In 2023 Boulder County set a $25-an-hour minimum wage on its unincorporated areas — Niwot included. Not one incorporated town in the county matched it. So Niwot did what it could without a government of its own: business owners, farmers, and neighbors organized, gave dozens of public comments, held the first rally in the town’s history, and pushed for nearly a year. The county modified the policy. That was a real win.
But it was a round, not the fight. Niwot businesses still pay Boulder County’s unincorporated minimum of $16.82 an hour, while incorporated Longmont — three miles away — is on Colorado’s statewide $15.16: $1.66 more an hour. And because the decision belongs to the county, not to us, it can change again whenever the county decides. As long as the call is theirs, the fight is never actually over. We just keep waiting to have it again.
The fix
A town sets its own wage.
Incorporation lets Niwot set its own minimum wage instead of living under the county’s. That’s how you turn a round we won into a rule we control — not by hoping the county leaves us alone, but by having the standing to decide for ourselves.

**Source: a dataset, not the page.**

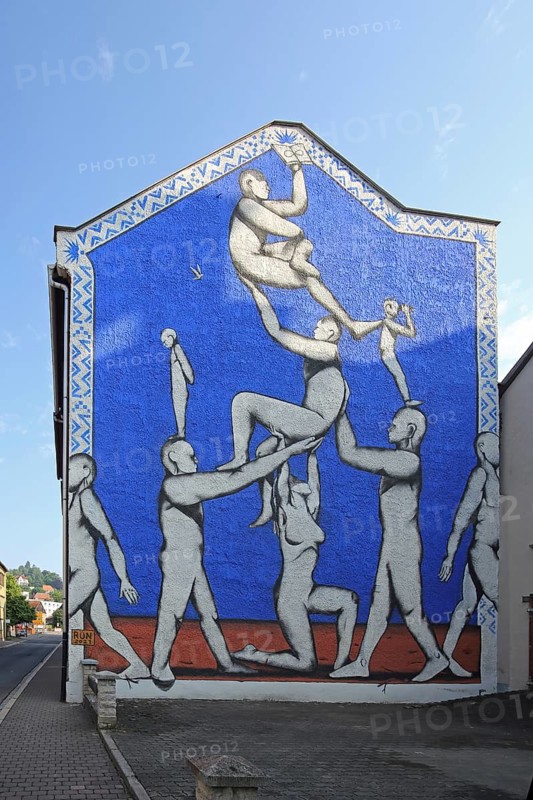 Mural With open eyes and arms by Giacomo Bufarini aka RUN 2021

This isn’t “we lost.” It’s “we won a round, and incorporation is how we finish and secure the victory.”
Why it matters beyond Main Street
A downtown that can fight for itself.
When wage rules and permitting are decided elsewhere, our small businesses absorb the cost — and some don’t make it. A town gives downtown Niwot an advocate with real standing: a local government that can fight for Main Street instead of watching it thin out.